Die Liste der Ipsheimer Bürger schickt bei der Kommunalwahl 2026 keinen Bürgermeister-Kandidaten oder -kandidatin ins Rennen. Im Gemeinderat will die Wählergruppe aber durchaus mitmischen, wie sich bei der Nominierungsversammlung am Mittwoch zeigte.
Bei der vergangenen Kommunalwahl im Jahr 2020 trat Gabi Schöttle für die Ipsheimer Bürger als Bürgermeister-Kandidatin gegen den amtierenden Rathauschef Stefan Schmidt an. Dass sie das nicht wiederholen will, stellte Ipsheims zweite Bürgermeisterin direkt klar. Zum einen sind da berufliche Gründe. Zum anderen seien sie und Schmidt „ein sehr gutes Team”, das die harmonische Zusammenarbeit gerne so wie bisher weiterführen will. Schmidt selbst hat bereits öffentlich bekundet, dass er wieder für die Wählergruppe „Ortsteile mit Ipsheim – gemeinsam stark” antreten will. Offiziell nominiert wurde er bislang nicht.
Die Versammlungsleitung am Mittwoch übernahm Rudolf Fähnlein. Er erläuterte, dass hinter den Ipsheimer Bürgern ein loser Zusammenschluss von Personen ohne feste Organisationsstruktur stecke – eine überparteiliche Wählergruppe also. In den Wahlausschuss wurden Erhard Hertlein, Ulrich Schöttle und Ernst Ripka gewählt. Insgesamt waren 36 Wahlberechtigte anwesend.
14 Personen sind bei einer Gemeindegröße, wie sie Ipsheim vorweist, im Gemeinderat vorgesehen. Neun Bürgerinnen und Bürger ließen sich zur Wahl in das Gremium aufstellen. Die Positionierung auf der Liste erfolgte nach den erhaltenen Stimmen. Eine Mehrfachnennung wurde bei den ersten fünf Personen beschlossen, um die 14 Personen zu erreichen.

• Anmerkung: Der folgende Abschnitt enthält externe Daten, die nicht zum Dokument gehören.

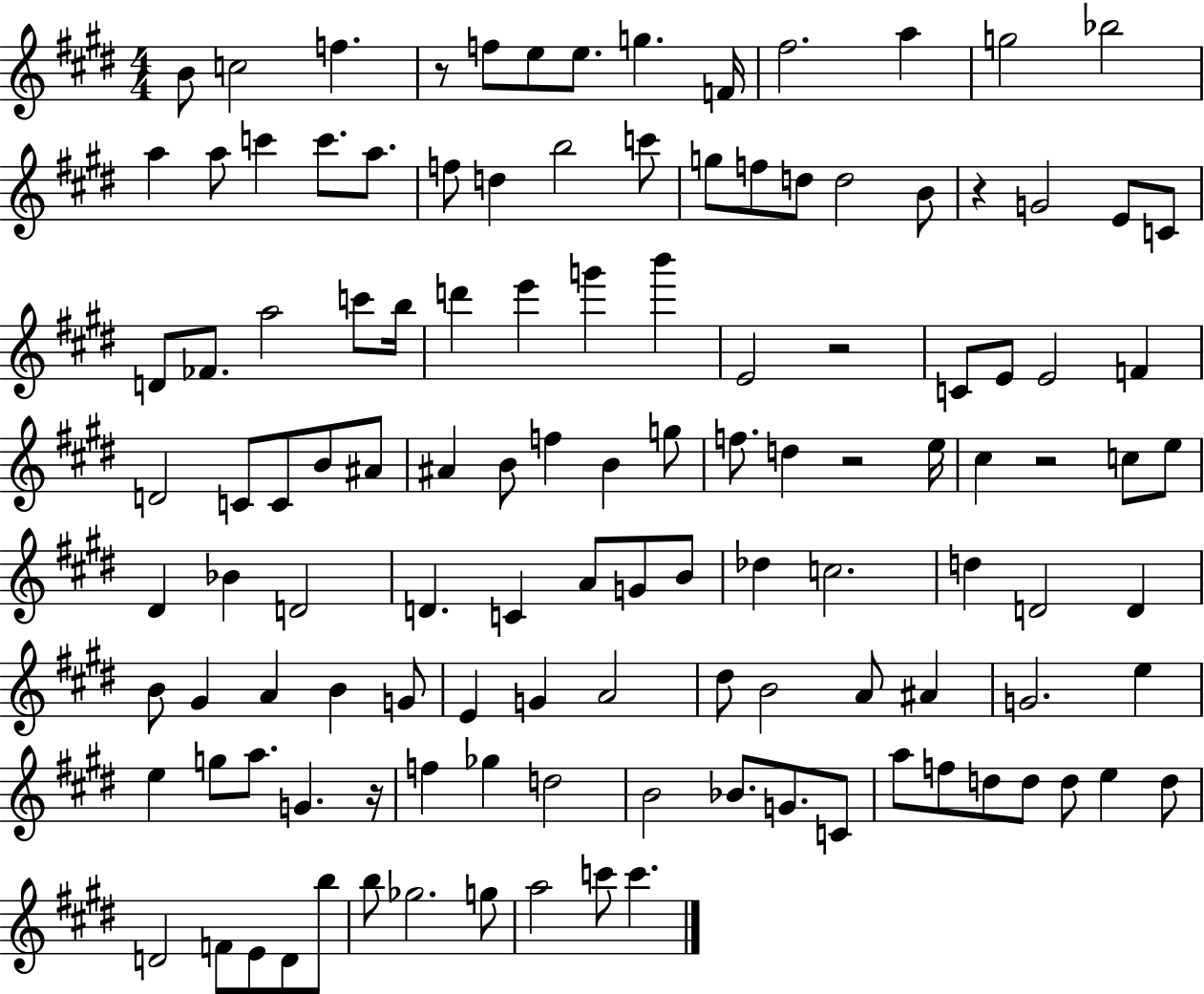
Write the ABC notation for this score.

Die Listenplätze eins und zwei belegt demnach Norbert Kopp (66 Stimmen), der bislang noch nicht im Gemeinderat mitmischte. Dem selbstständigen Schreiner sei es wichtig, Ipsheim weiter interessant zu machen. In der Kommune liege noch viel Potenzial. Für die junge Generation müsse zudem etwas aufgebaut werden, um Wegzug zu verhindern.
Einige schon bekannte Rats-Gesichter würden auch weiterhin gerne im Gremium mitarbeiten. Jochen Prinzkosky (65 Stimmen) ist einer davon und belegt die nachfolgenden beiden Plätze. Themen wie Familie, Kindergarten und Schule sind dem verheirateten, dreifachen Familienvater ebenso wichtig, wie Vereine und die öffentliche Sicherheit. „Auch wenn die Kassen knapp sind, ist es mir wichtig, die Dinge ganzheitlich zu betrachten.”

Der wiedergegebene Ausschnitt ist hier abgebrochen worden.